Energy giant Npower has swung to a loss at the start of 2019 after shedding another 102,000 customers and taking a hit from the energy price cap.
The Big Six provider, which is owned by German group Innogy, fell to a 45 million euro (£39 million) underlying loss for the three months to March 31, against earnings of 43 million euros (£37 million) a year earlier.
UK retail revenues dropped 5.6% to two billion euros (£1.7 billion).
Npower – which called off its planned merger with rival SSE in December – saw its residential and commercial gas and electricity customer base drop to 3.97 million, down from 4.07 million a year ago.
It comes after the provider lost more than 650,000 customers in 2018.

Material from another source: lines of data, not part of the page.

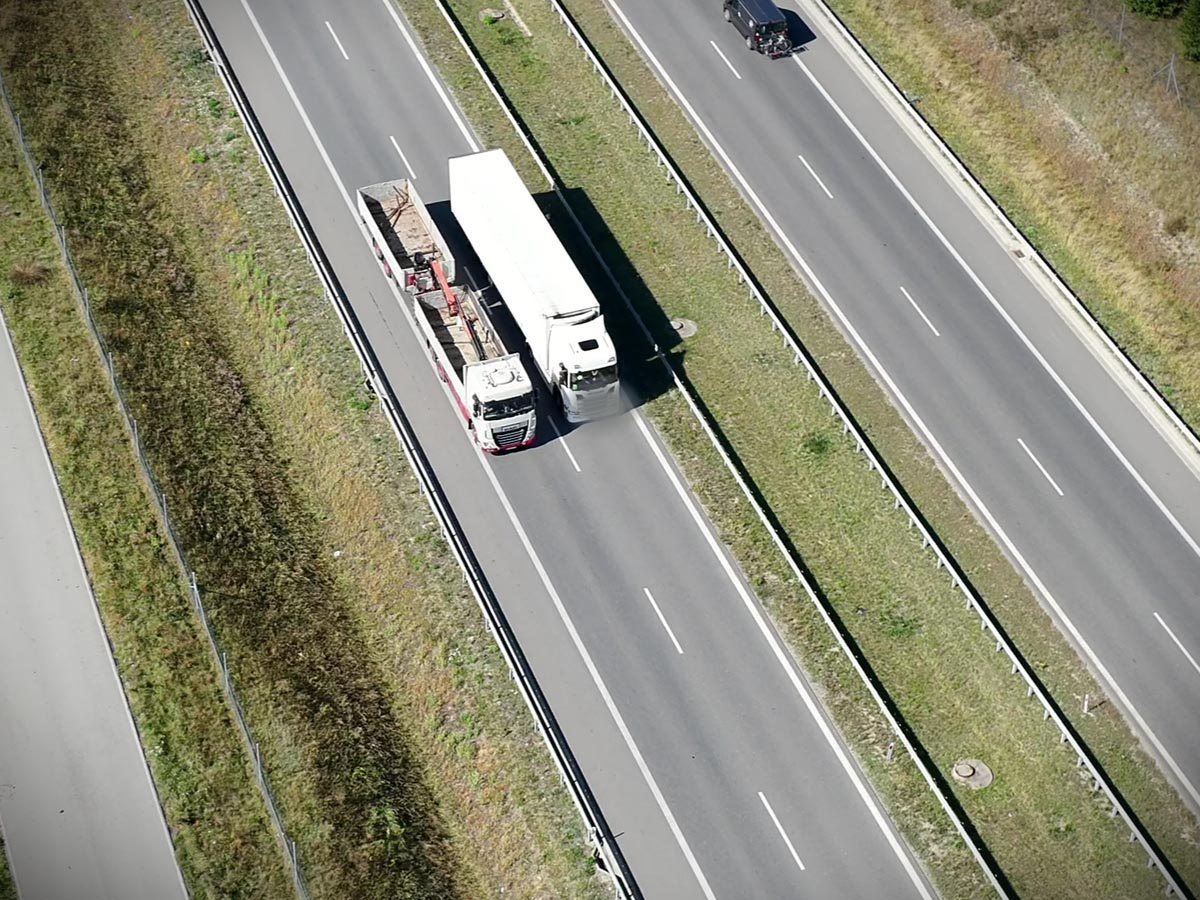 "Wyścig słoni" na S7 w oku kamery policyjnego drona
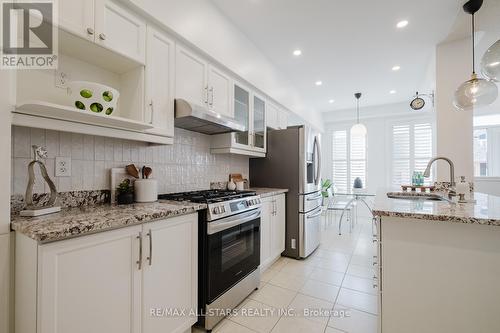 3009 Bur Oak Avenue, Markham, ON - Indoor Photo Showing Kitchen With Stainless Steel Kitchen With Upgraded Kitchen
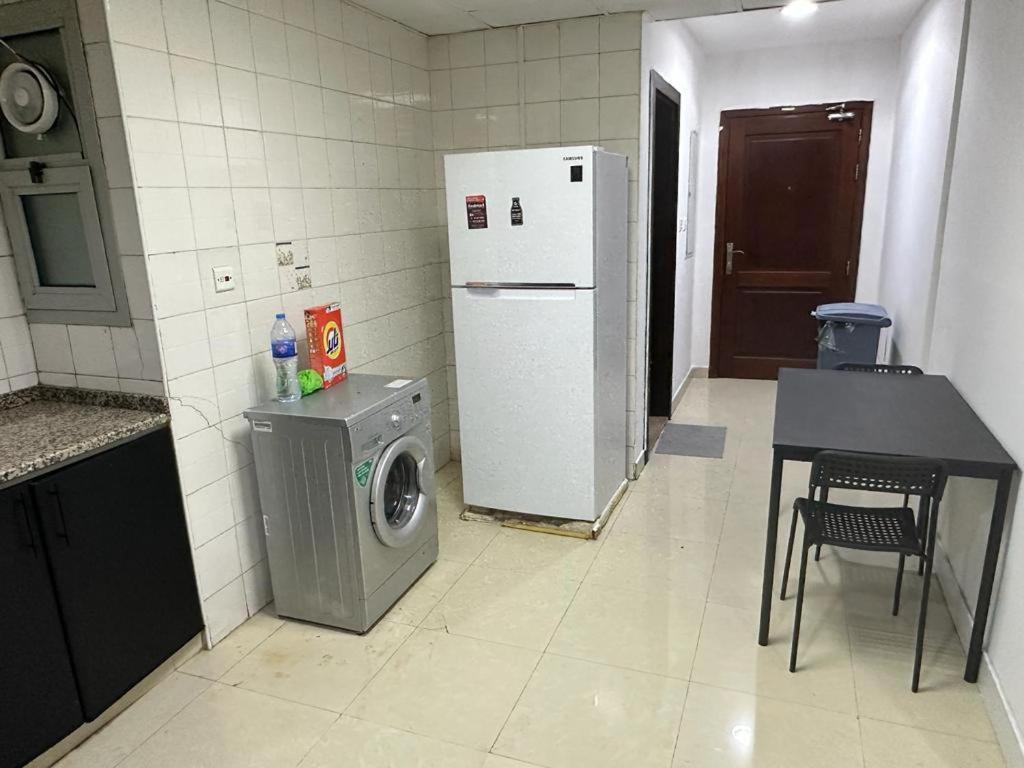 Lovely Partition In Barsha 1 Near Metro Séjour chez l'habitant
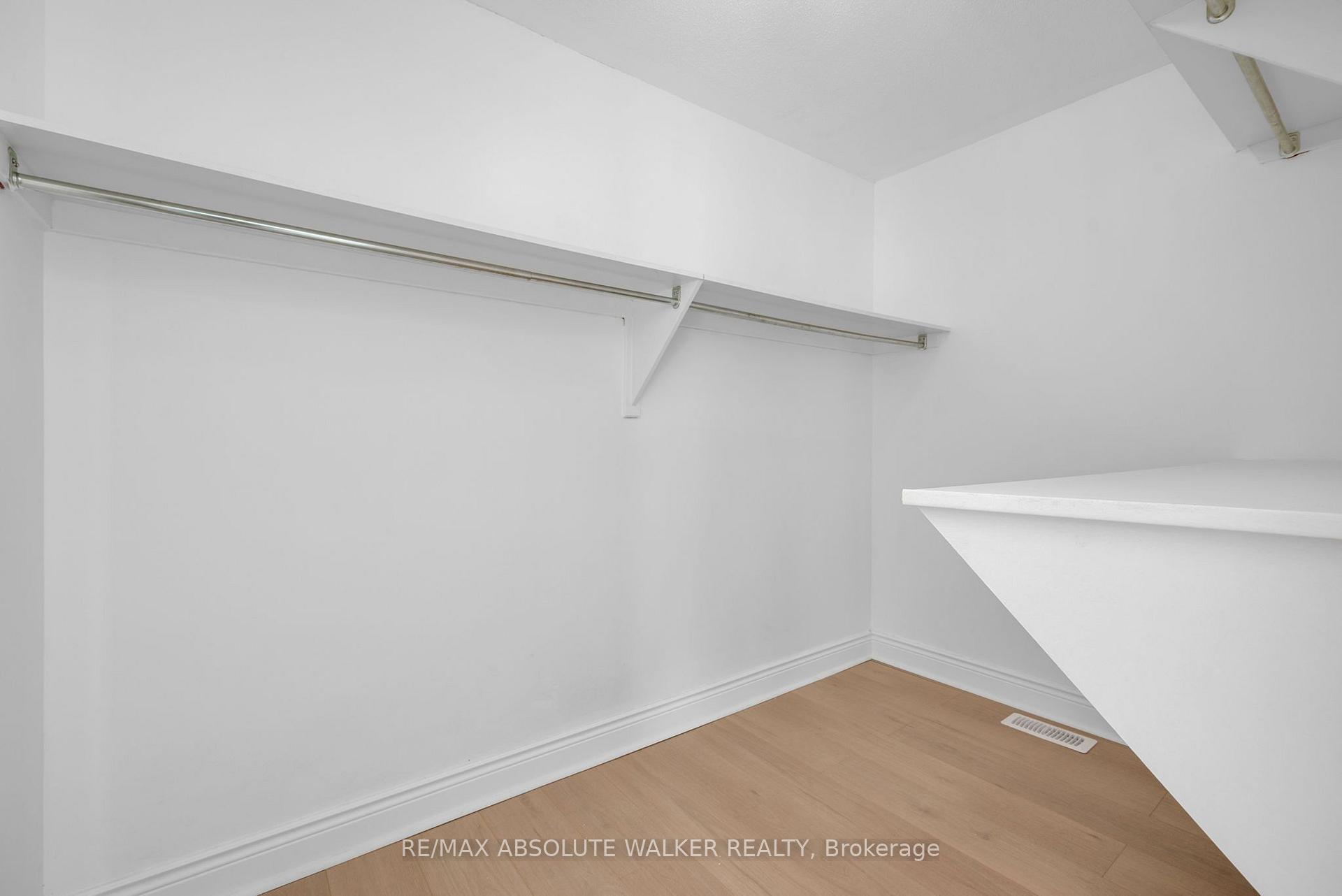 Photo 25 of 2269 Sandman Crescent, Ottawa, Avalon East — HOMEH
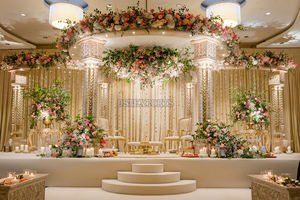 Elegante Mandap de Madera de Teca Tallado a Mano para Bodas - Magnífico y Glorioso Accesorio Decorativo para Bodas Hindúes con Fácil Montaje - Product Image 3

The ongoing loss of customers, together with the Government’s recently introduced default tariff price cap and redundancy pay provisions amid a restructuring plan combined to impact first quarter earnings, according to the group.
Npower plans to cut around 900 jobs from its near 6,400-strong workforce in the course of this year, having started talks with staff and unions in February.
Innogy also reiterated its previous warning the UK trading woes are set to contribute to a plunge in group retail earnings over the full-year.
It is forecasting retail earnings to fall to between 300 million euros and 400 million euros (£260 million to £347 million) in 2019, down from 654 million euros (£568 million) in 2018.
The figures show the pressure on Npower amid a competitive market for the big energy providers, who have also been stung by the energy price cap.
Figures on Monday from British Gas owner Centrica and E.On made for painful reading, with both suffering steep customer losses and earnings woes.
SSE and Npower abandoned the merger of their retail operations in December, blaming “challenging market conditions” and the Government’s price cap, introduced last July to end rip-off standard variable tariffs.
Innogy had planned to combine Npower with SSE’s UK household energy and energy
services business and list the new supplier on the London Stock Exchange.
Innogy took a 1.5 billion euro (£1.3 billion) writedown on Npower in full-year results in March after failing to secure its merger with rival SSE last year.